Thursday night, with Zach Ertz and Dallas Goedert sidelined by ankle injuries, Rodgers led the Eagles with six catches for 85 yards, as they edged past the Giants.
It wasn’t the first time he’d ever been counted on – the Packers drafted Rodgers in the third round back in 2014, and in 2015, he caught eight touchdown passes, including a famous final-play Aaron Rodgers Hail Mary that beat the Lions. But it was the first time he’d carried the load in a good long while.
“Richard Rodgers, gosh, I’ll tell you what, he played tough, physical. He played fast,” Eagles coach Doug Pederson said. "He made some really good catches.
“Not only some short, intermediate catches, but the [30-yard] deep throw in the fourth quarter to help us win that football game. I’m really glad Richard is on the team. He’s a good complementary piece when both Zach and Dallas are out there. He filled in really well. Expect more of that, hopefully, moving forward with him in that position.”

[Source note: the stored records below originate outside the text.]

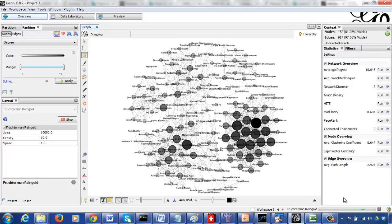That's something you can explore in your Facebook network using Gephi. The average degree is 10 and the diameter is 7.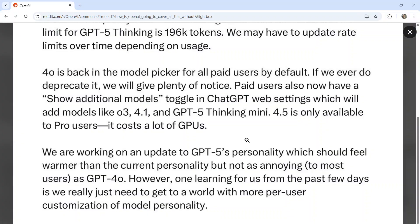Paid users also now have a 'show additional models' toggle in ChatGPT web settings, which will add models like O3, 4.1, and GPT-5 Thinking Mini. 4.5 is only available to pro users because it costs a lot of GPUs, so Plus plan users will not have access to 4.5 — I know some users will be disappointed by that.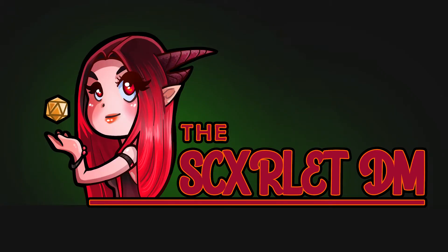Hello my lovelies, this is the Scarlet DM and today I want to talk to you about tokens in Foundry VTT.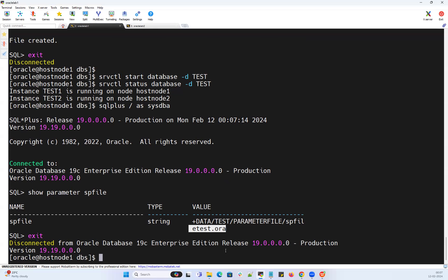That's a quick intro about how you can create an SP file from a P file, or a P file from an SP file, and how you can push your SP file into your ASM disk group or create your SP file in ASM using a dummy P file. That's a quick demo about playing around with SP files and P files for your RAC database. We'll connect on our next session with one more demo — thank you.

Rodgers left the Packers and signed a one-year deal with the Eagles in 2018, but he spent nine games on injured reserve after sustaining a preseason knee injury and caught one 7-yard pass in seven appearances, playing mostly on special teams. He signed a two-year contract here the next spring, got cut in September, was brought back at Christmas, played five offensive snaps in the season finale, then three in the playoff loss to Seattle.
This year, he signed with the Washington Football Team – where his father, Richard Sr., is an assistant defensive backs coach – but was released Sept. 5. Three days later, Rodgers was an Eagle again. He called the decision to return “a no-brainer.”
Goedert went down in Week 3 and Rodgers started getting about a third of the offensive snaps, until Ertz limped off the field in the Week 6 loss to the Ravens.
Before the Giants game, in which he played 85% of the offensive snaps, Rodgers talked about getting the opportunity to show what he could do.
“I’ve been preparing for three years now, really, and I haven’t seen the field,” he said. “It’s fun to know that your hard work and preparation is starting to pay off.”
Monday, he was asked if he ever wondered where his career was going; in his first two years as an Eagle he played 47 offensive snaps, 22 fewer than he logged Thursday in helping the Eagles beat the Giants.
“That’s always a concern, especially with injuries, because you don’t know how you’re going to bounce back from an injury, and that’s definitely in the back of your head. But I’ve always tried to stay positive,” he said.
Rodgers, still just 28, is under contract for this season only, at a bare-bones $910,000. He probably will have several weeks to show he can be more than a spare part going forward; the Eagles might part with Ertz after this season, since his contract has just one more year to run and he and management are far apart on Ertz’s value. Rodgers could be a solid backup to Goedert. Failing that, Rodgers can excite another team’s interest.
“You guys know all my answers. I’m not really concerned about my status [in the league] as a tight end, or anything like that,” he said. "Like I’ve said a million times, I’m just trying to help the team wherever I can.
“There were a couple of spots last game where I was able to get open. I just try to catch the ball when it’s thrown to me.”
Rodgers didn’t seem too impressed with his numbers last week, the best he has posted since that famous Hail Mary game, when Rodgers caught eight passes for 146 yards, including that 61-yarder to win, on Dec. 3, 2015.
“The way I look at it, whoever’s in the position to be the No. 1 or No. 2 guy, you’re going to get production, no matter what,” he said.